Issues | Education

As the father of two school-aged sons, I respect the importance of pursuing excellence in education. I believe competition, local decision-making control, and an unwavering dedication to putting students first are at the heart of a first-rate educational system.

Unfortunately, during the last 50 years, our country has increasingly neglected the very principles that made our nation a world leader in education. In 1965, Congress passed the Elementary and Secondary Education (ESEA) Act, effectively beginning federal funding of education in the United States. Since then, we have seen a top-down, bureaucratic education system emerge that prevents us from providing the students of the greatest country in the world with the best education in the world. Despite repeated attempts to spend our way out of this problem, test scores have continued to trend downward, leaving many falling further and further behind.

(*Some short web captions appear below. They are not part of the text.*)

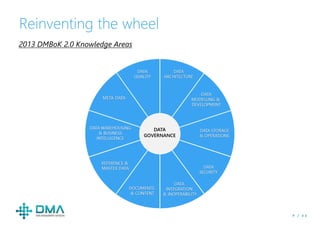 P / 4 3
Reinventing the wheel
2013 DMBoK 2.0 Knowledge Areas
 
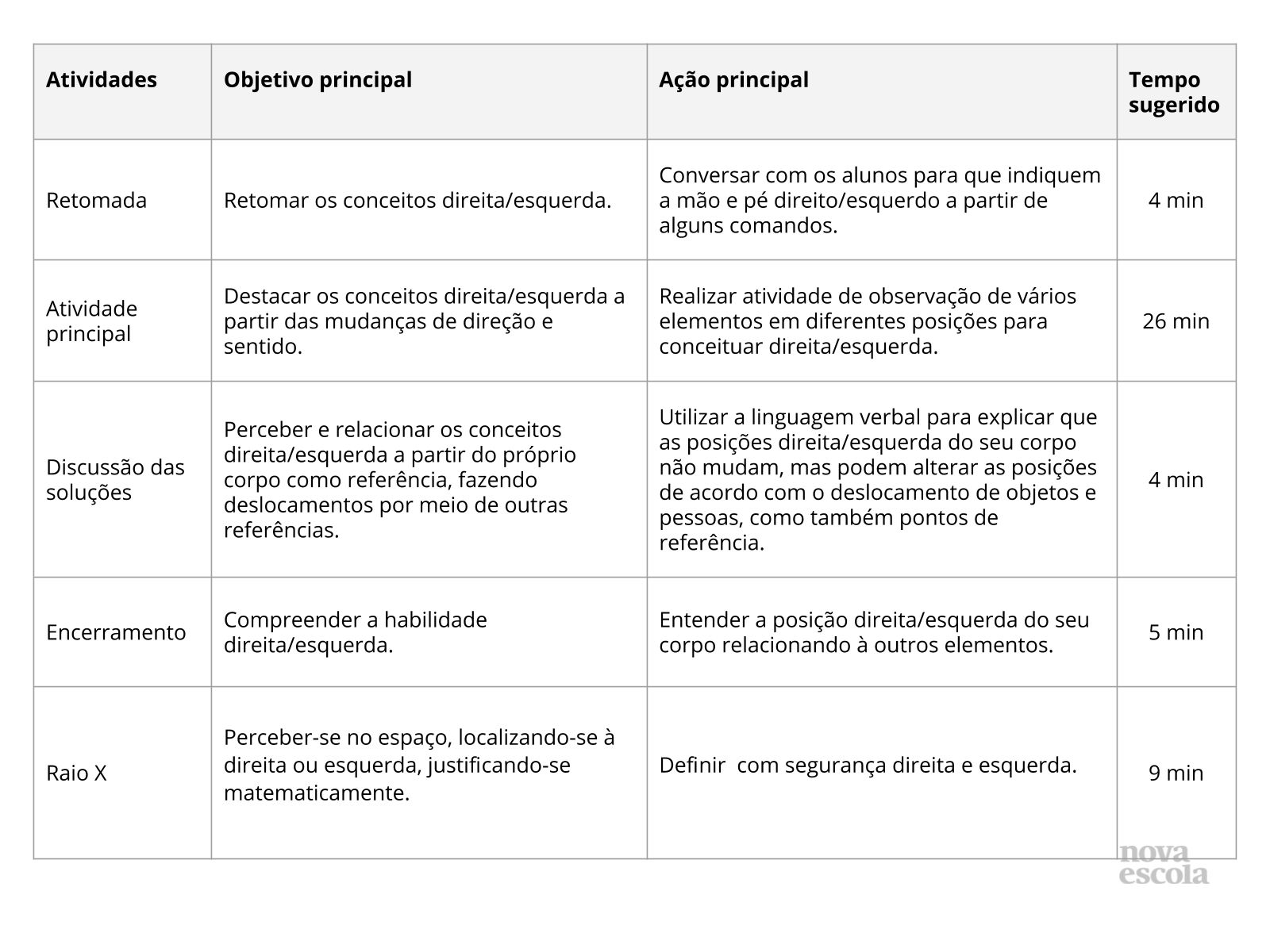 Resumo da aula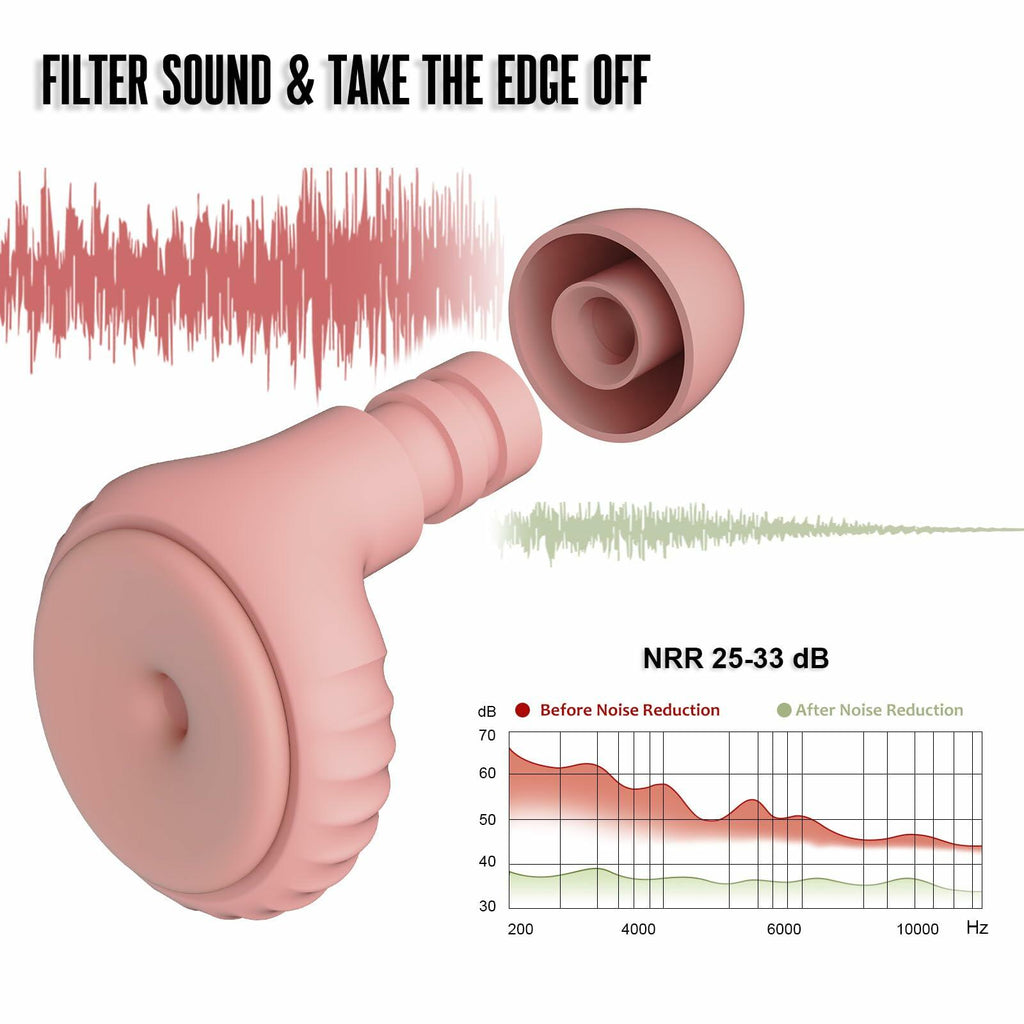 BNU Concert Ear Plugs 2 Pairs Reusable High Fidelity Noise Reduction Pink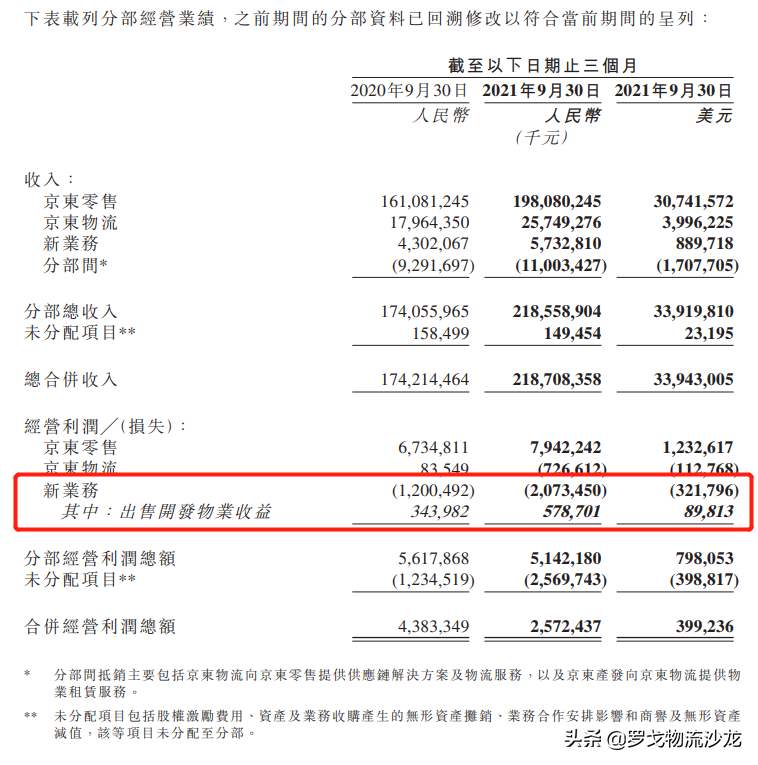 扒一扒京东物流地产 第3张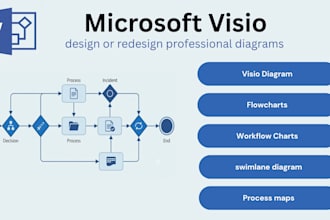 design or redesign professional microsoft visio diagrams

 I support increased competition and choice in our educational system. Providing education options empowers parents and is a natural catalyst for improvement and innovation in our nation’s schools. Additionally, I strictly support maintaining local control of education and believe decisions that affect communities should be made by the communities themselves. Finally, I believe that education policy should have the goal of student success as its foundation and nothing else. Schools are built for students, not for the benefit of outside organizations.

Several outstanding colleges and universities call the 3rd District home. Many of these schools continue to grow in enrollment and continue to increase their academic recognition in the region and across the country. If we are to develop 21st Century minds to take on 21st Century challenges, we need to support these institutions.

To that end, Congress should provide states with necessary resources and, in turn, provide localities with decision-making authority so our nation’s schools and teachers can better educate America’s next generations.